Before
I get started on this post, I'm going to preface this by saying that
I am in no way singling out any one person, or even any one league. I
still have lots of friends that skate WFTDA derby for other leagues
and this is not a post to state how much they suck or how other derby
is so much better. Those who are my friends on facebook are ones I
trust and who agree with me to a certain extent.
That
being said.
I
started playing roller derby a little over three years ago for a huge
league in my area. I had seen their championship bout a couple of
years prior and fell in love with it. I loved the outfits, the
attitudes, and the fact that these women were accomplishing an
amazing thing while simultaneously flipping the bird to conventional
attitudes. Fuck, those women were awesome. They wore ripped tights,
booty shorts, they had great makeup. They skated around the
track with an intensity and rebelliousness I admired immediately. I
knew I had to do it.
I
joined the rec league with high expectations. I poured my heart and
soul into derby. Six months later, I decided to try out for Fresh
Meat.
Lo
and behold, I made it.
My
hopes rose even higher, with the prospect that I was that much closer
to getting on a team. My ultimate goal. The thing I wanted above
everything else in my life. Literally. As the days went on and my
Fresh Meat career lengthened, I put derby above everything
else. I was skating 4-6 nights a week, participating in 2 committees,
and going to every single bout put on by our home teams. I was
basically home long enough to cram food in my mouth and leave again.
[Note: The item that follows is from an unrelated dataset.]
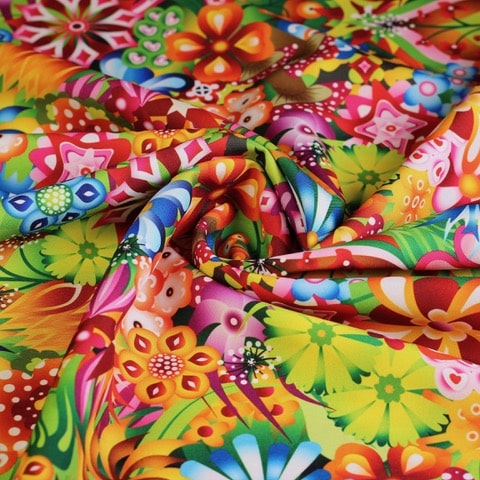 Tissu Terlenka fantasy fleur digital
My family life suffered, my friendships suffered. I couldn't
complain, though, because "everyone has lives outside of derby,
you're no exception." as I was told by coaches and leadership at
the time. I nodded and grinned as big as I could, because it was
true. I was also told that the league supports skaters with families
and busy lives, and I wholeheartedly believed it. Because a league
that says it supports and empowers women couldn't possibly be
unsupportive of women with families and kids and lives, right?
Right?
Right
around my one year anniversary on Fresh Meat, my enthusiasm became
harder to come by. I had been through 2 or 3 drafts at that point,
and hadn't been picked. But I wasn't going to let that get me down. I
gladly rolled over and exposed my belly to the league again. I pushed
harder and invested everything I had, mentally and physically into
the league, because that's what was expected of me. Anything less and
I was deemed "not dedicated". I saw it happen multiple
times to other people. There were no good excuses for missing
practice. We had an 80% attendance policy, but were expected to use
that 20% as "emergency padding" in case something
devastating prevented us from getting to practice. We were told that
if we showed a consistent 80%, we would probably still not get
drafted. We needed to be at 100% or higher to even be considered. I
was starting to become a husk of a person, my obsession with getting
onto a team becoming the only motivation to attend practice. I didn't
care about having fun anymore (I wasn't), I didn't care about being
empowered ( I wasn't) and I certainly didn't care about the amount of
dedication I thought it took to get to the top.
As
my second year anniversary approached, I had made it through 6
drafts. I had watched as spots opened up on teams, only to be
disappointed when a vet skater came back and took that spot under the
new "immediate draft" policy. I listened as others would
fawn over visiting skaters, begging them to transfer and join their
team instead of focusing on the talent that was waiting on Fresh
Meat. I tried to ignore it when skaters from other leagues told me
team captains had visited and attempted to recruit. From the outside
looking in, it seemed our league was hurting for talent. While
attending a training committee meeting, I overheard the head of that
committee tell another skater that "If someone gets on FM who
doesn't show potential to join the A travel team, they are a waste of
our time." Verbatim. If you were not a talented skater from the
get-go, you were considered a waste. Our travel team was consistently
in the top five rankings in the nation, so our league was focused and
dead set on being number one. They trained their travel team hard,
and that trickled down to home teams, and then Fresh Meat. Nobody
cared if you weren't having fun, they needed to be number one and
they were willing to steamroll anyone who didn't show enough
potential to get them there. It no longer mattered how much heart and
soul you had for derby, how hard you pushed yourself, how much
personal improvement you made, or how bad you wanted it. Home team
skaters were no exception. Only the best ever got rostered, and in
some cases, only the best were allowed to scrimmage, rendering the
less talented skaters even more useless by not getting any game time.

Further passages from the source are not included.